In our example, are the 5 people listed as individual users for the object and not in a SharePoint group? If so, you can break inheritance by stopping permission inheritance and removing the 5 users. Are the 5 people part of a SharePoint group? If so, you can’t remove them out of the group without affecting everywhere else that SharePoint group is used (refer back to the previous question, “Can I edit a SharePoint Group’s membership for just one subsite?” where I discuss this). Are the 5 people part of a larger Active Directory group that’s been added into the SharePoint group? If so, then you will no longer be able to use that AD security group to assign permission. You will either have to find an AD group where the 5 people are not included or update the AD security group to remove them. (which will have other implications if that security group is being used elsewhere in your environment)

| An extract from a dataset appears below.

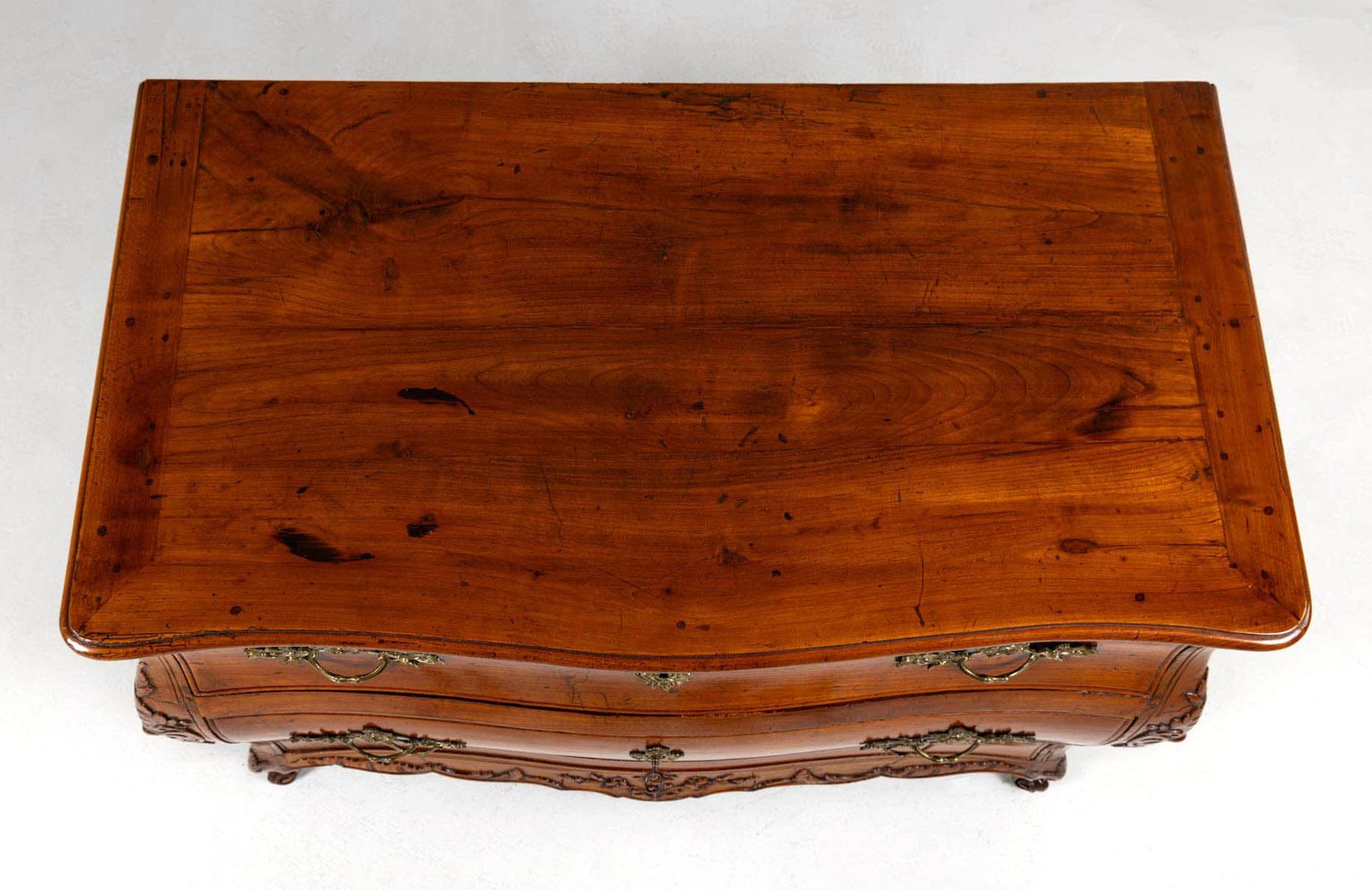 Commode Provençale Française du milieu du 18ème siècle avec une belle Patina 5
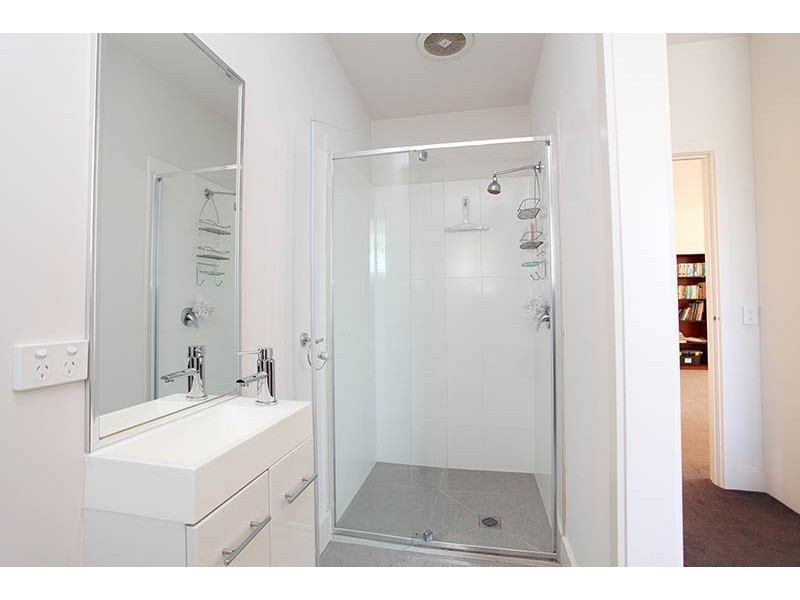 215 Harvest Home Road, Epping VIC 3076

Generally speaking SharePoint permissions are done using a ‘grant’ model rather than a ‘revoke’ model. You cannot explicitly specify users you don’t want to have access.

Exception to this is in an on-premises environment you can specify a user as ‘deny all’ or ‘deny write’ at the web application level, but this is not a granular setting you can control.


Closing thoughts…

Permission administration is a classic example of “a little knowledge is a dangerous thing” in SharePoint. If you have enabled users to administer their own, make sure you’ve armed them with the knowledge to set them up for success.

Thanks for reading.

-JCK

2 comments

  1. This is a great post, Joanne! I remember when I first started learning about SharePoint permissions (SP2007) and how boggled I was by it all. It can difficult to teach – especially when your users may not really be as enthused about it as you are!

    1. Thanks Rhia! I agree, It is one of those things in SharePoint that can get users into trouble. Permissions are still the number one support ticket that filters down to our team.